WORK TASK
The whole listing is to be given again without alteration, except that its pictures are dropped.

+++ RAW DATA

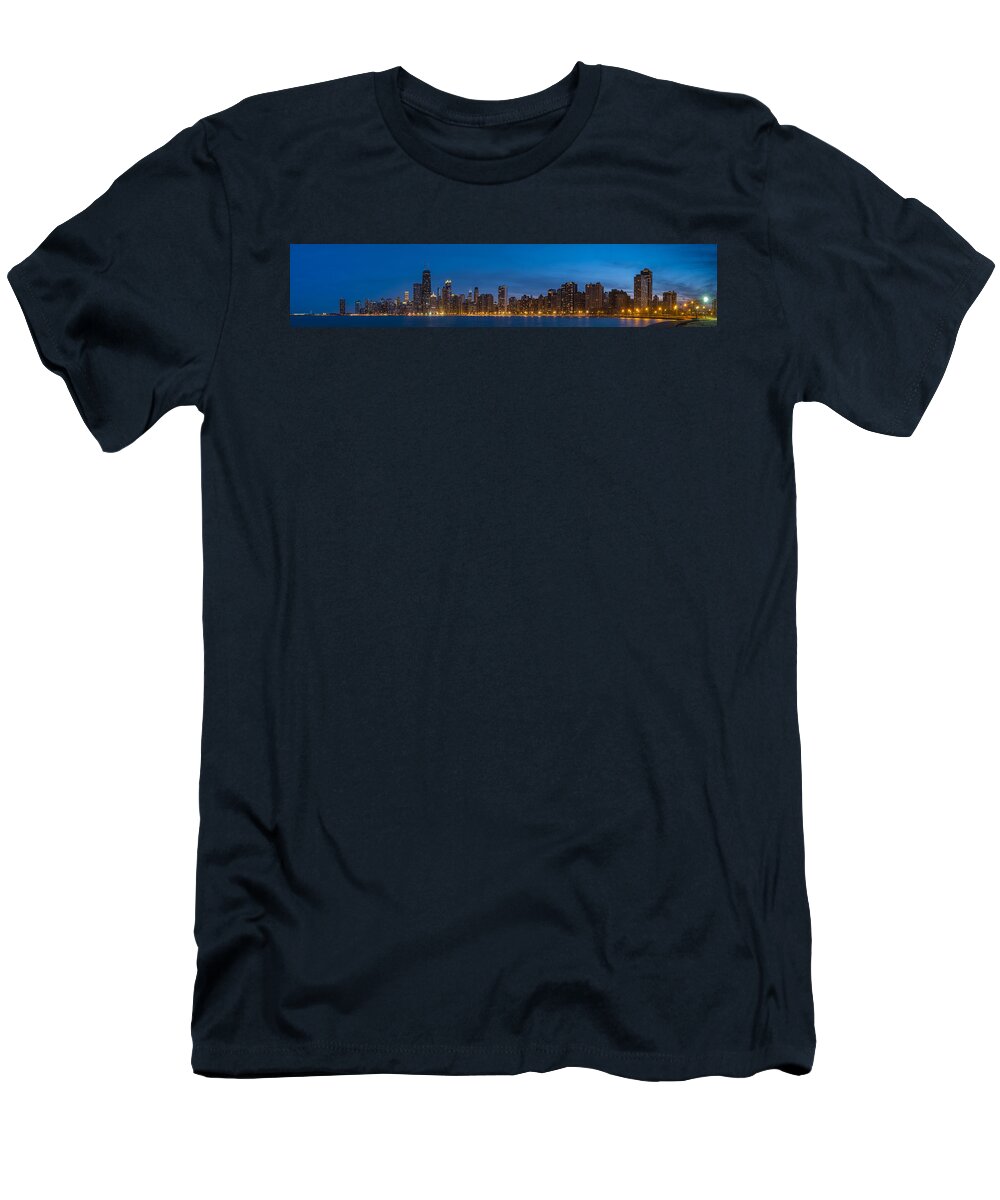 Chicago T-Shirt featuring the photograph Chicago Skyline From North Ave Beach Panorama by Steve Gadomski
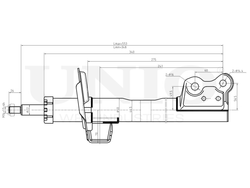 Амортизатор газовый передней подвески UNIO SAB-10708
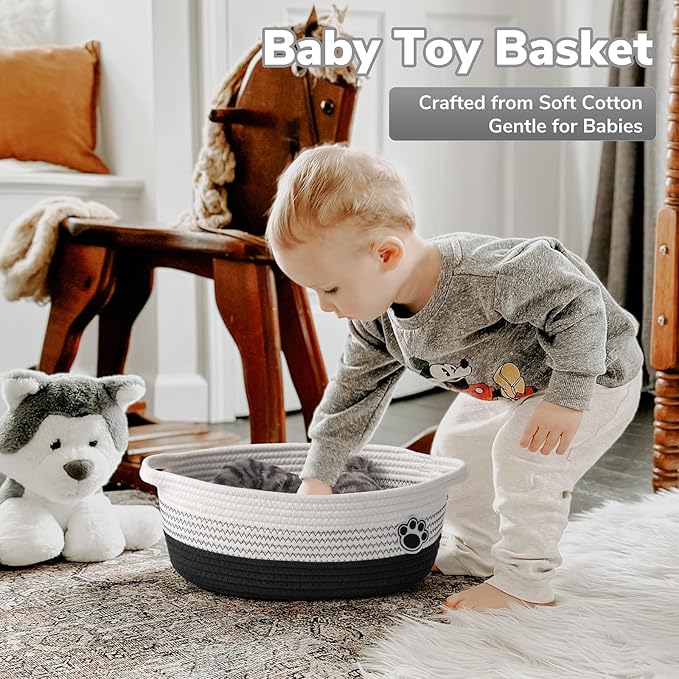 Dog Basket Gift Basket Empty, Woven Storage Baskets for Towels, Cute Dog Storage Bins with Handles, Small Cotton Rope Baskets for Shelf, 12 x 8 x 5 inches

++++++

EXERCISE RESULT
 Chicago T-Shirt featuring the photograph Chicago Skyline From North Ave Beach Panorama by Steve Gadomski
 Амортизатор газовый передней подвески UNIO SAB-10708
 Dog Basket Gift Basket Empty, Woven Storage Baskets for Towels, Cute Dog Storage Bins with Handles, Small Cotton Rope Baskets for Shelf, 12 x 8 x 5 inches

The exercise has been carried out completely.